I studied the divided sky. To the right were the uninterrupted cobalt blue I had imagined when reserving the primitive-boat-in-only campsite across Lake Jocassee. To the left, grey clouds boiled.
My brother, sister-in-law, and I wedged sleeping bags into waterproof bags. By then it was mid-afternoon and what seemed like a series of small miracles had gotten us that far, to the ramp at Devil’s Fork State Park, but two miles of lake remained between us and our campsite.
The clouds overhead thickened, casting us in its ominous shadow. Drumrolls of thunder belted, sending our four kids running for shelter. Outfitted in lifejackets and slathered in sunscreen, they huddled under the overhang that covered the bathroom.
The rain came in sets – hard and harder. The cars parked in a distant lot and the kids claiming the little available shelter, I stood with my brother and sister-in-law letting the rain soak us.
We conferred about what to do. As much as we all looked forward to this trip, camping on an island in the rain with four children wasn’t our idea of fun. Still, we had made it this far, two whitewater kayaks loaded with all our camping gear and food plus our fleet for the weekend consisting of two double and one single sit-on-top kayak along with a paddleboard.
My brother suggested we wait out the storm. Patience has never been my strong suit, but the other prospects – packing up four disappointed kids into cars or paddling with scared children – seemed even less appealing.
I watched as the wind whipped the lake into peaks of white. I waited with chicken-skinned arms, as the rain washed away the sweat that dripped down as I had unloaded the boats.
Ten minutes later the storm passed. Eager to start our adventure, we loaded into boats and rigged the cargo kayaks behind us on tow. About a mile out we were treated to views of the mountains. Steam rose from their peaks, as if the rocks themselves were releasing any vestige of the storm.
By the time we reached our campsite, the sun had once again claimed center stage. The kids climbed out on the rocky ledge and decided it made the perfect cannonball platform. My three-year-old imitated his older cousins and pulled his knees into his chest as he jumped off the rock.

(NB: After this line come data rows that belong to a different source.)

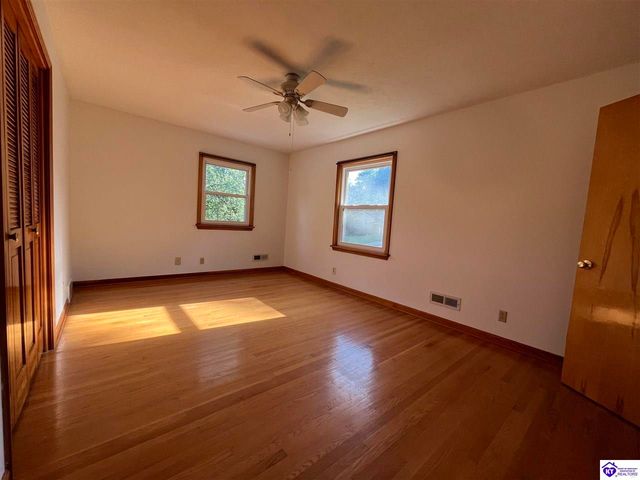 9203 Lakeridge Drive, Louisville, KY 40272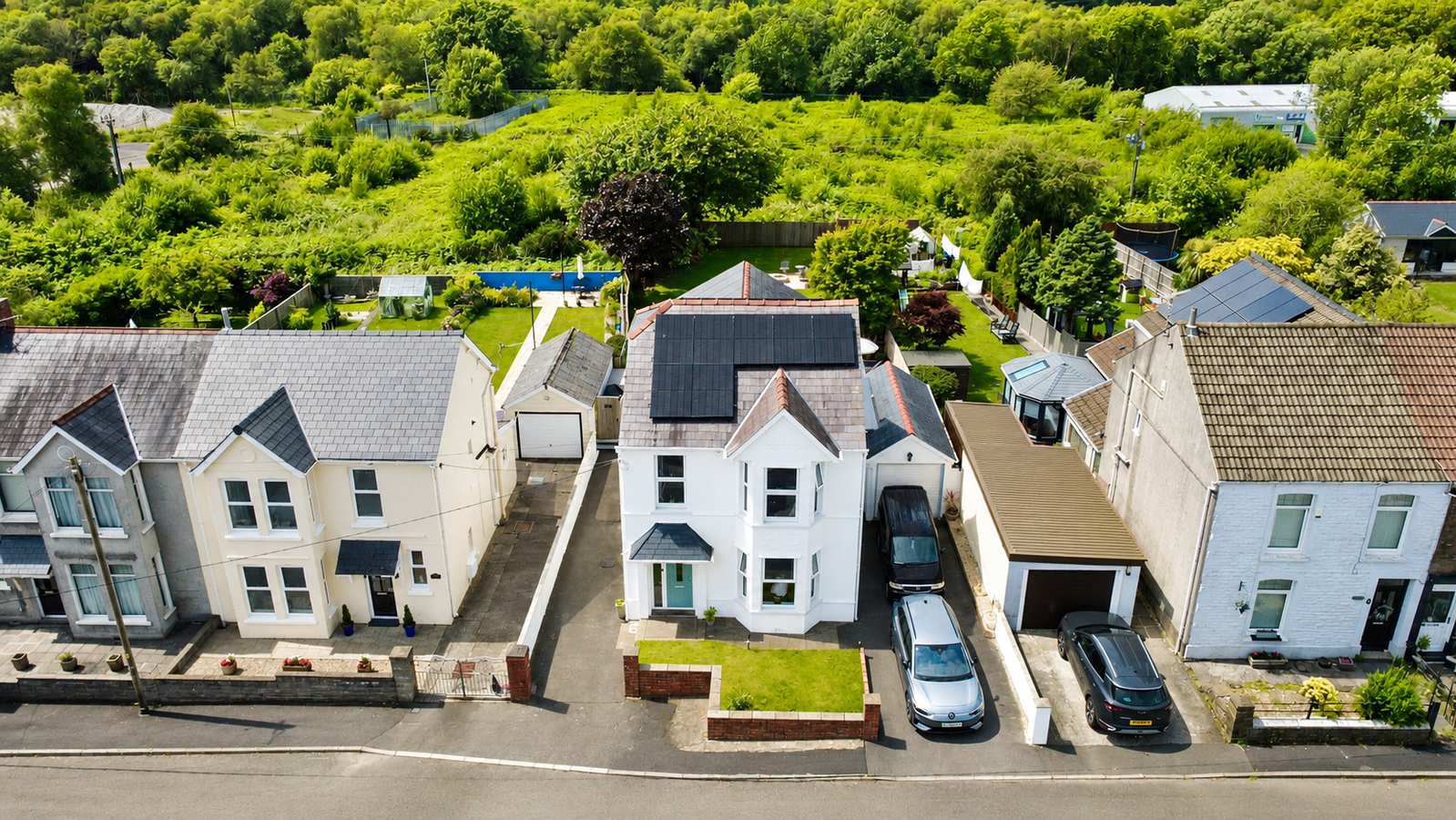 Detached House in Swansea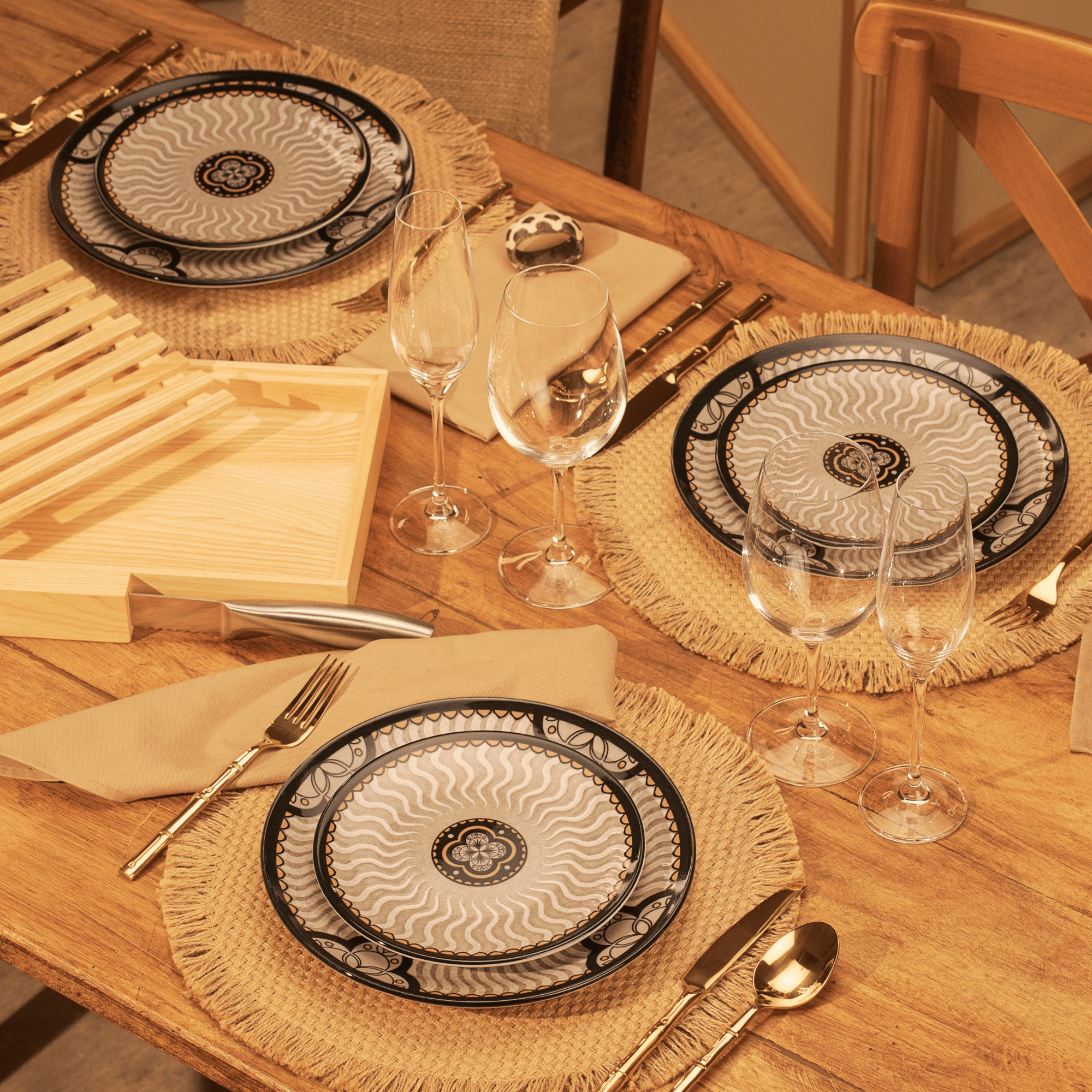 FINAL SALE - Unni Mediterranean 20 Pieces Dinnerware Set Service for 4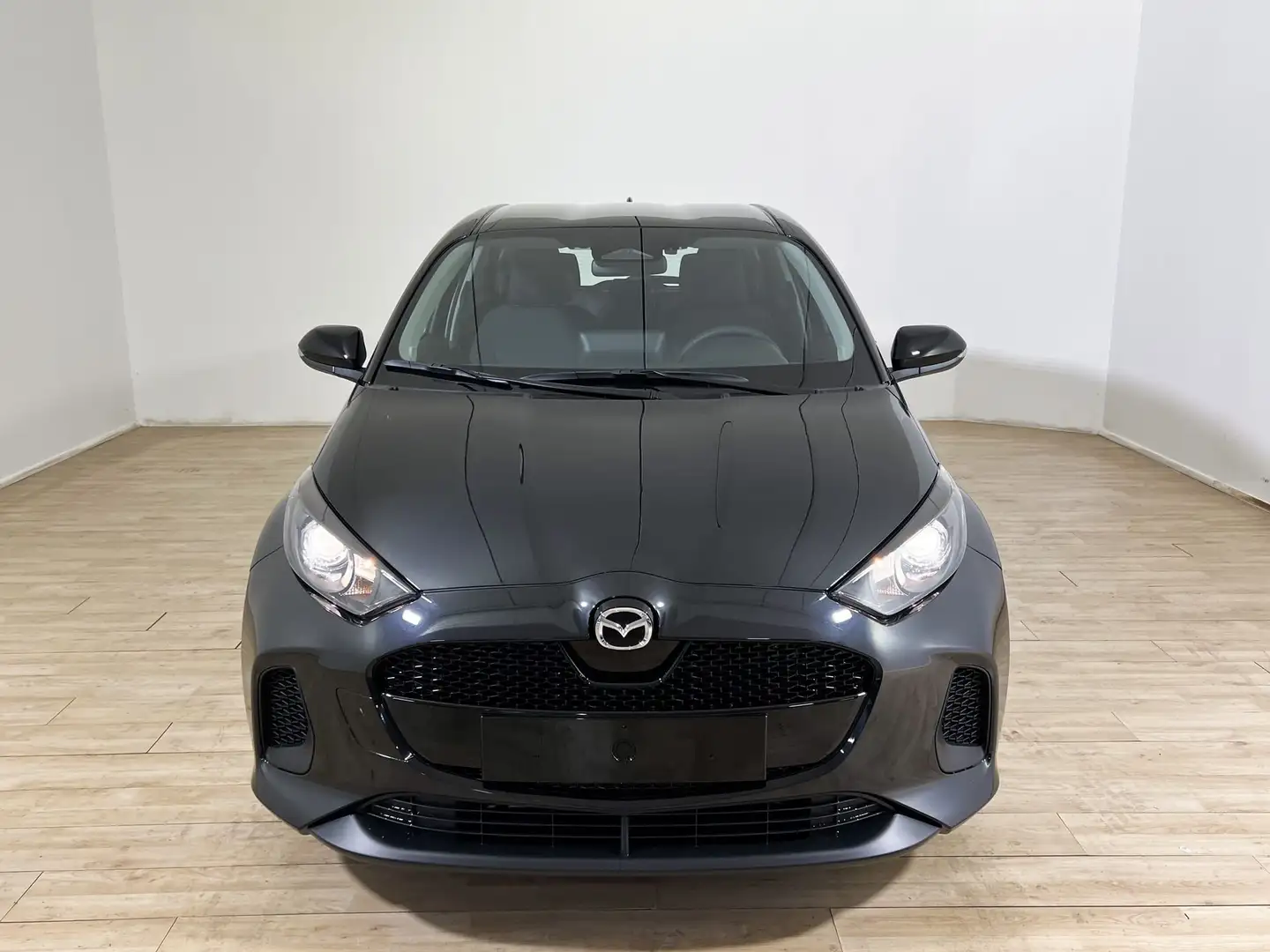 Mazda 2 1.5 VVT e-CVT Full Hybrid Electric Centre-Line Nero - 2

I nestled into a crevice of the rock meant for sunning and watching, letting my mind wander as the kids launched their bodies into the clear green lake. My mind wandered, settling on my upcoming move. Out of a desire to focus more of my life energy on raising my son and writing, I had decided to move out of our cherished bungalow and into a glorified one-bedroom apartment. I’d been so busy between packing and logistics that I hadn’t really mourned the home I was leaving behind. There on that rock, no tasks distracted me from my feelings and tears flowed down my cheeks. In that house we had celebrated every one of my son’s three birthdays. Friends and family had visited us from Europe, California, and Maryland. My son had learned to talk and ride his bike. The walls of that bungalow held the memories of our little family.
There on that rock I grieved leaving the physical space behind, of moving into a smaller area. I reminded myself that Tobin and I didn’t need a lot of room, which only made me cry harder. Living in the bungalow, a space large enough for a partner, left open the possibility of one day meeting a man who would come along and round out our family.
I cried until I started hiccupping. The kids squeals of glee made me smile. The sun’s rays warmed me, softening my feelings about moving into the apartment until they changed. The apartment didn’t have to be a sad reminder of the family life I didn’t have, but an acceptance of the family I did have. It had always been just Tobin and I living together, but that didn’t limit who we considered to be family. Like the storm, when I let myself experience my emotions, those negative feelings passed, making room for something more like joy.
My son and his cousin called out, asking me to take them for a ride on the paddleboard. We sat one behind the other, and I paddled through the light emerald sequins of light, enjoying time with my family.